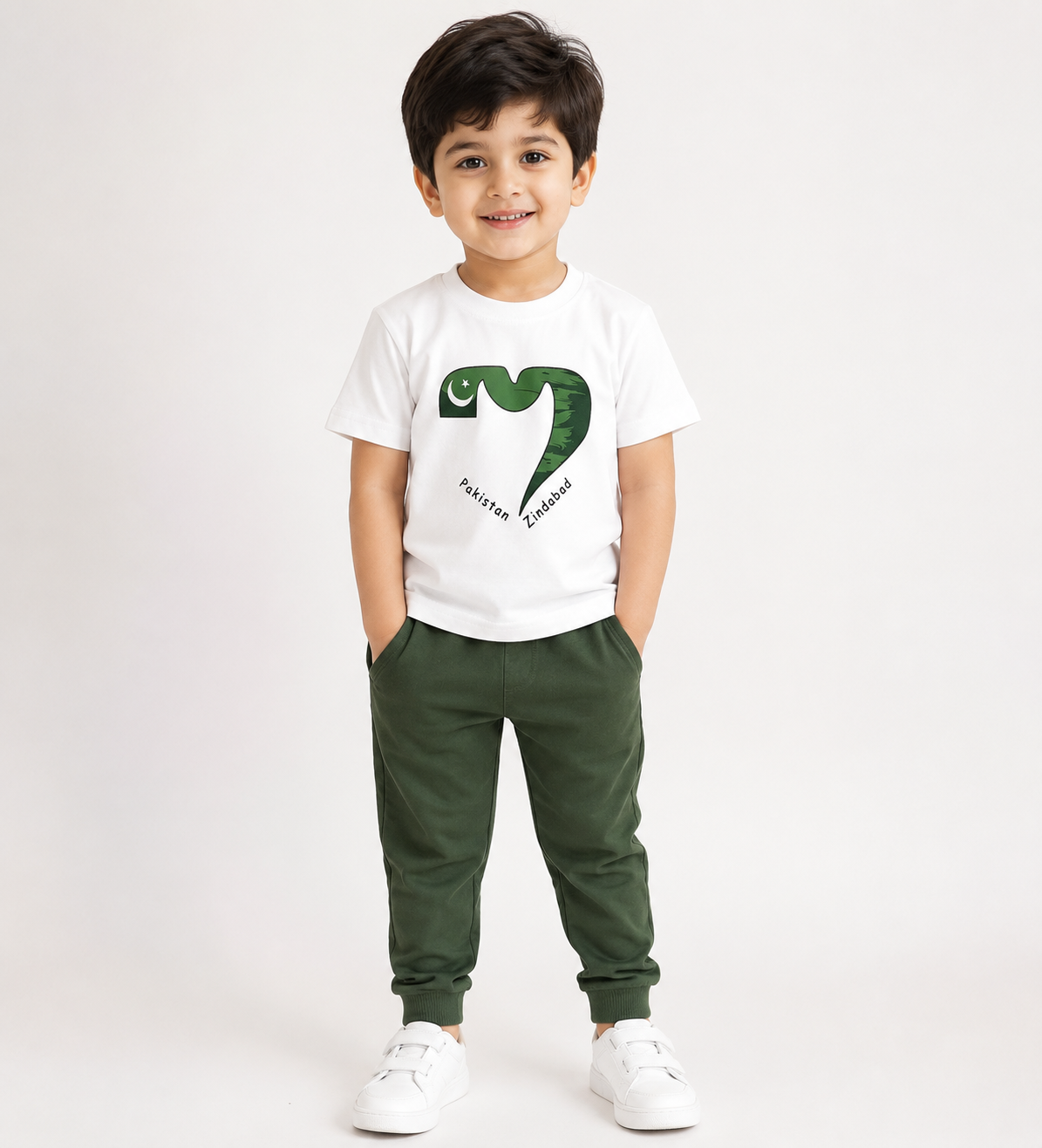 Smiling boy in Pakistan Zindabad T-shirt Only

==

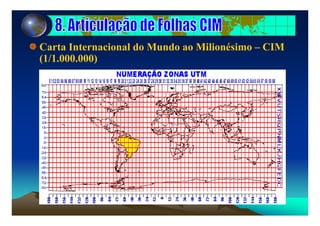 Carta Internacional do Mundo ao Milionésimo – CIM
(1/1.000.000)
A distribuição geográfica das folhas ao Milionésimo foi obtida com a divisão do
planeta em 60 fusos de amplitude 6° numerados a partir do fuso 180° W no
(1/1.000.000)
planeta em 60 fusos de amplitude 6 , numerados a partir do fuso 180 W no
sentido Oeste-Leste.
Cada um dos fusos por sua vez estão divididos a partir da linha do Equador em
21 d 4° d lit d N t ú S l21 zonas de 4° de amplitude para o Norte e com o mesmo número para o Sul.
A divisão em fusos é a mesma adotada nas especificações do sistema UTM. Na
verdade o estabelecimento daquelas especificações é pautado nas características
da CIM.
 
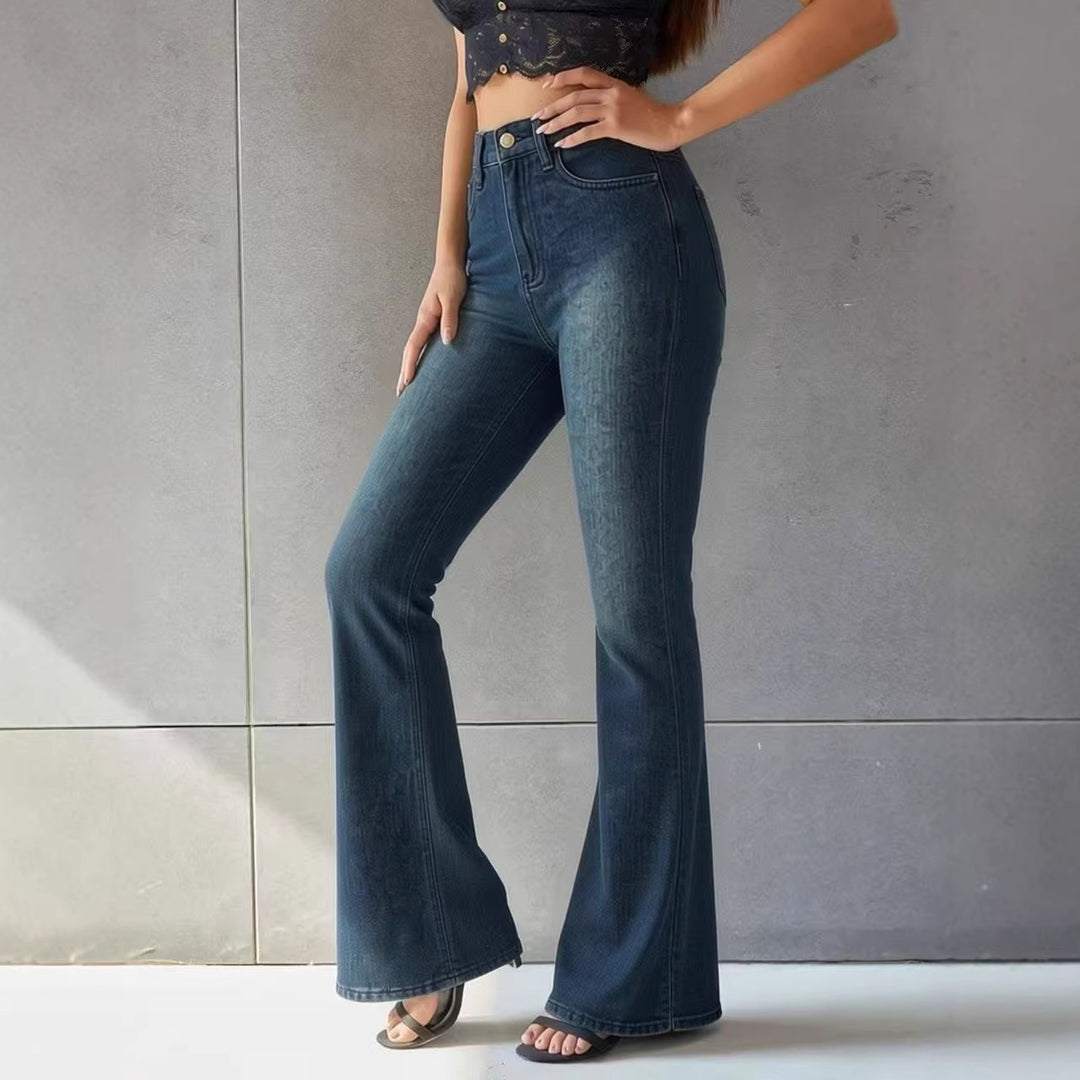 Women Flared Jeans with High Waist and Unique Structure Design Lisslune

» **Your goal**: For this exercise, transcribe exactly the part of the records above that opens with the line containing "Carta Internacional do" and closes with the one containing "Women Flared Jeans". Pictures are not part of the copy.

» **Answer**:
 Carta Internacional do Mundo ao Milionésimo – CIM
(1/1.000.000)
A distribuição geográfica das folhas ao Milionésimo foi obtida com a divisão do
planeta em 60 fusos de amplitude 6° numerados a partir do fuso 180° W no
(1/1.000.000)
planeta em 60 fusos de amplitude 6 , numerados a partir do fuso 180 W no
sentido Oeste-Leste.
Cada um dos fusos por sua vez estão divididos a partir da linha do Equador em
21 d 4° d lit d N t ú S l21 zonas de 4° de amplitude para o Norte e com o mesmo número para o Sul.
A divisão em fusos é a mesma adotada nas especificações do sistema UTM. Na
verdade o estabelecimento daquelas especificações é pautado nas características
da CIM.
 
 Women Flared Jeans with High Waist and Unique Structure Design Lisslune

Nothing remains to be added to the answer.